To increase professionals participation, information on the study was featured in newsletters and emails from the BHCN Research Institute Director (a physician). These promotional activities encouraged primary care professionals to participate in the study. In addition to these activities, a medical student conducted a presentation of the study aims and objectives at a BHCN meeting attended by professionals. Participating physicians were also entered into a raffle for one of three $100 gift cards. The U.S. surveys were delivered in paper form via interoffice mail in April of 2013. Two weeks after this initial mailing all 97 professionals were sent another copy of the survey with instructions not to complete it if they had already responded. Two days after this second mailing, a research assistant contacted primary care office managers to ask them to encourage their professionals to participate. Of the 97 surveys mailed out (30 to nurse practitioners, 55 to physicians, and 12 to physician’s assistants), 86 were returned (28 from NPS (93%), 48 from physicians (87%), and 10 from PAs (83%)), yielding an overall response rate of 89%.

Data analyses of U.S. and Swedish data sets

The U.S. data were entered into Microsoft Access and then transferred into SAS for data analyses. The Swedish data were received from the Swedish Board of Health and Welfare in Excel format. These were then converted into SAS, and merged with the U. S. data for data analyses.

Prior to data analyses, the response levels to the four questions were collapsed such that ‘very much’, ‘very important’ or ‘much more’ was contrasted against the aggregate of the remaining four categories. This was done under the assumption that the desired response for each question was ‘very much, ‘very important’ or ‘much more’. The proportion of professionals selecting these desired response categories was summarized versus the aggregate of the other 4 levels in tabular form for each of the four questions (Figure 1). The response levels were not collapsed into 2 categories for the question regarding the extent to which the professionals would like to change the amount of counseling he/she is giving. Levels of response outcomes were compared between the two countries using chi-square or Fisher’s Exact Test if necessary.
https://static-content.springer.com/image/art%3A10.1186%2F1471-2296-15-83/MediaObjects/12875_2014_Article_1061_Fig1_HTML.jpg
Figure 1

Attitudes about the importance and provision of healthy lifestyle counseling for U.S. and Swedish health care professionals.
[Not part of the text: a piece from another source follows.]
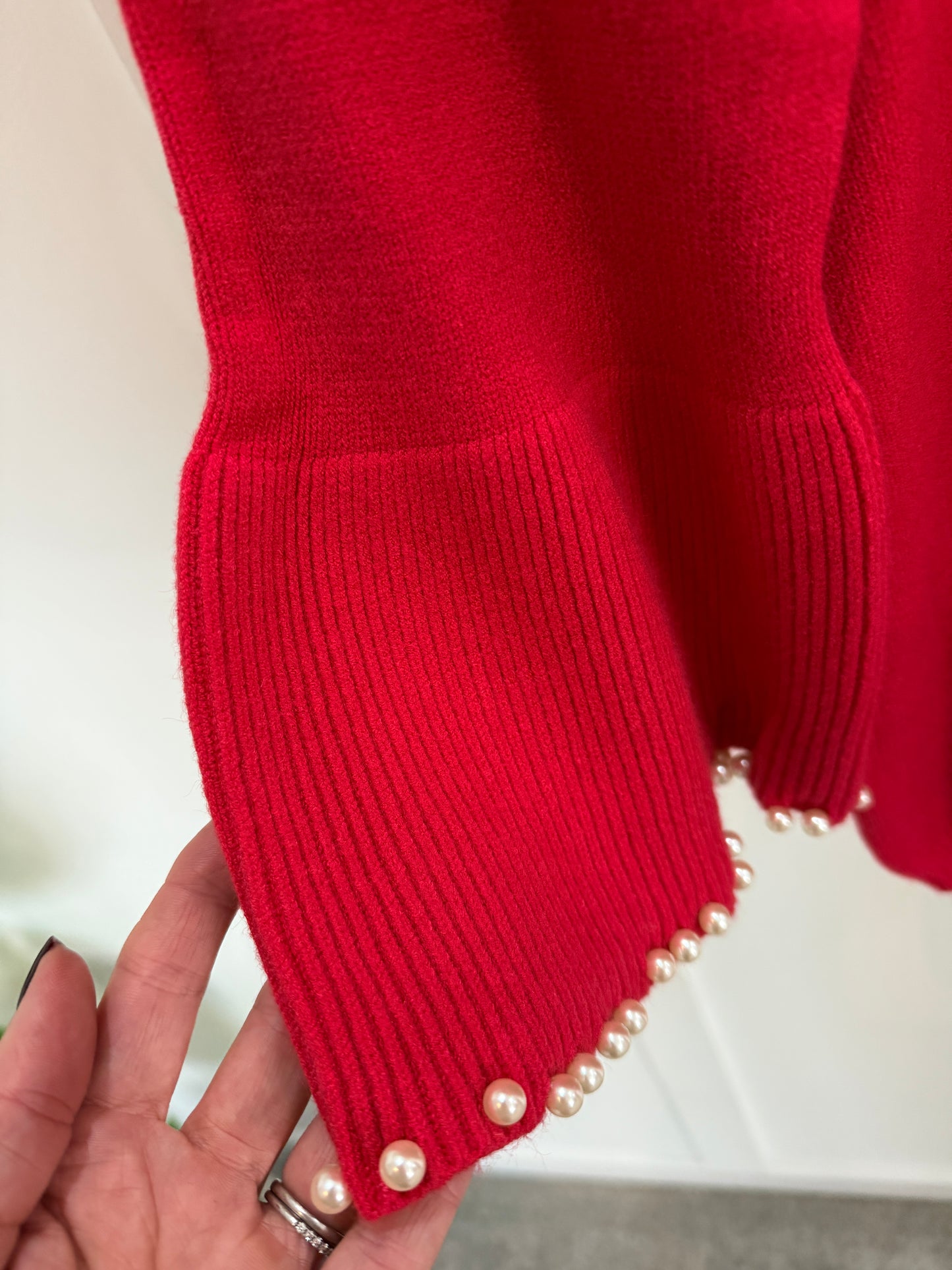 Chocolate Pearl Flute Sleeve Jumper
The difference in the professionals’ years of practice was compared between those choosing the ‘very’ category vs. some other option and between the two countries using two by two Analysis of Variance (ANOVA). These models were examined for the presence of interaction, which would be evidence of a differential relationship in the two countries.

The U.S. study was approved by the Bassett Healthcare Network Institutional Review Board. Ethical approval for the Swedish part of the study was obtained from the Regional Ethical Committee in Umeå (Dnr. 2011-64-31 M).

Results

The results are based on 86 respondents in the U.S. and 180 in Sweden. The study results include comparisons between the Swedish and American responses for all health professionals, and also comparisons for the subset of family physicians.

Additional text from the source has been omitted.